Gyllenhaal’s film promises to be a more avant garde project, structured into movements to mimic a symphony.

The actor, Oscar-nominated for his performance in Brokeback Mountain, has musical talent of his own, making an acclaimed Broadway debut last year in a revival of Stephen Sondheim’s Sunday in the Park with George.

Both films celebrate Bernstein’s career as conductor and composer, one that saw him become the youngest music director of the New York Philharmonic and write the score for West Side Story. He was a household name in the US, but unbeknownst to millions of fans, he had a complicated private life. He married Felicia Montealegre, a Chilean actress, in 1951 and they had three children.

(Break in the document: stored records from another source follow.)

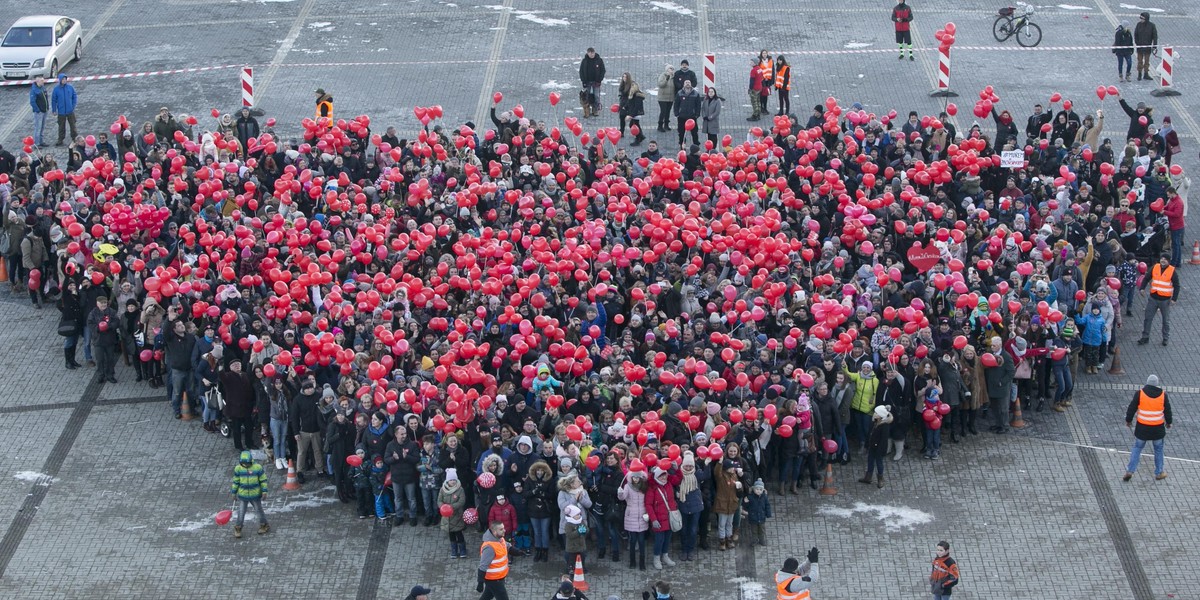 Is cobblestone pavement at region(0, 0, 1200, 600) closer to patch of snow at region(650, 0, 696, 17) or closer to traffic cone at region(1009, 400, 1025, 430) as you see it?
traffic cone at region(1009, 400, 1025, 430)

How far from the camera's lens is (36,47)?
33844mm

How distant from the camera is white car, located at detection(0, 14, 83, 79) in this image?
110 feet

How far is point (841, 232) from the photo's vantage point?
24.4m

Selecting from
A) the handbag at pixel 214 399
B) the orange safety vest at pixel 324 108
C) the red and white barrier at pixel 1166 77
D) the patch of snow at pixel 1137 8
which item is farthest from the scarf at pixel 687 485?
the patch of snow at pixel 1137 8

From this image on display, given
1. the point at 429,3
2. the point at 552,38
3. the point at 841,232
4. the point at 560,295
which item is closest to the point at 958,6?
the point at 552,38

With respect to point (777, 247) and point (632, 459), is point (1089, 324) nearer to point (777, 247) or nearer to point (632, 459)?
point (777, 247)

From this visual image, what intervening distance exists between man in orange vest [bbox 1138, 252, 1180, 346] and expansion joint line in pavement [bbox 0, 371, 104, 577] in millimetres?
14456

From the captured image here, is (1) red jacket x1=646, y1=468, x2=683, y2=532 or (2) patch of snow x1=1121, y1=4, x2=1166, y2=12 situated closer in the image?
(1) red jacket x1=646, y1=468, x2=683, y2=532

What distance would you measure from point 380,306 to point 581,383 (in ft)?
10.2

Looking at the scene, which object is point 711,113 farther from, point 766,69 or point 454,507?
point 454,507

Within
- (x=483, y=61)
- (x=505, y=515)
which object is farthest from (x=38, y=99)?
(x=505, y=515)

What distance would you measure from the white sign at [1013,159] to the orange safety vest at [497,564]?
1169 centimetres

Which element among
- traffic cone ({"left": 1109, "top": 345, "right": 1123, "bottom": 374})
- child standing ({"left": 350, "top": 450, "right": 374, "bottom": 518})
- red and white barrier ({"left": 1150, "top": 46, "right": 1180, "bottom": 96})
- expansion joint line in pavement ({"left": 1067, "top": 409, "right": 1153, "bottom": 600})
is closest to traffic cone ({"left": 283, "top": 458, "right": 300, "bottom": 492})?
child standing ({"left": 350, "top": 450, "right": 374, "bottom": 518})

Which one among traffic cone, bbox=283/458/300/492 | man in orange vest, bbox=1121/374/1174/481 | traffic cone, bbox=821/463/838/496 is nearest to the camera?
man in orange vest, bbox=1121/374/1174/481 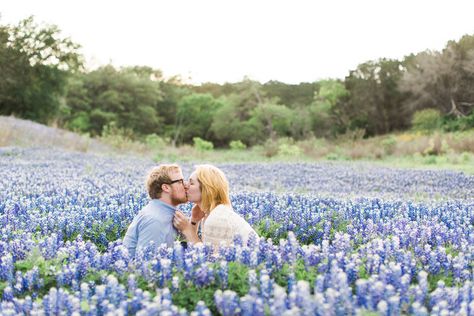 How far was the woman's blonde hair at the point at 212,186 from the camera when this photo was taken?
5.46m

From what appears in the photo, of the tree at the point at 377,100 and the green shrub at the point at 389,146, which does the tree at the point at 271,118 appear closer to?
the tree at the point at 377,100

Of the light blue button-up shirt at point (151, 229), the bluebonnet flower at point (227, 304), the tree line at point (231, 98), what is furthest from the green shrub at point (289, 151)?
the bluebonnet flower at point (227, 304)

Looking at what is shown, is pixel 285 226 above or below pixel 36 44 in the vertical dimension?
below

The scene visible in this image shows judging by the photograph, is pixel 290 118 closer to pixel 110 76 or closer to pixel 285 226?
pixel 110 76

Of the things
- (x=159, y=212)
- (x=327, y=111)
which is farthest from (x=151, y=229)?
(x=327, y=111)

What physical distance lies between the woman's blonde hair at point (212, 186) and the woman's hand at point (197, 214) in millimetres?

She was aware that Bernstein was homosexual, but adored him and allowed him to have affairs. However, in 1976, Bernstein fell hopelessly in love with Tom Cothran, a young composer, and left his wife. Not long afterwards, Felicia was diagnosed with cancer. A guilt-stricken Bernstein returned and nursed her until she died in 1978. Cothran died of Aids in 1981. Bernstein died in 1990, aged 72, in New York. This year is the centenary of his birth, which is being marked globally.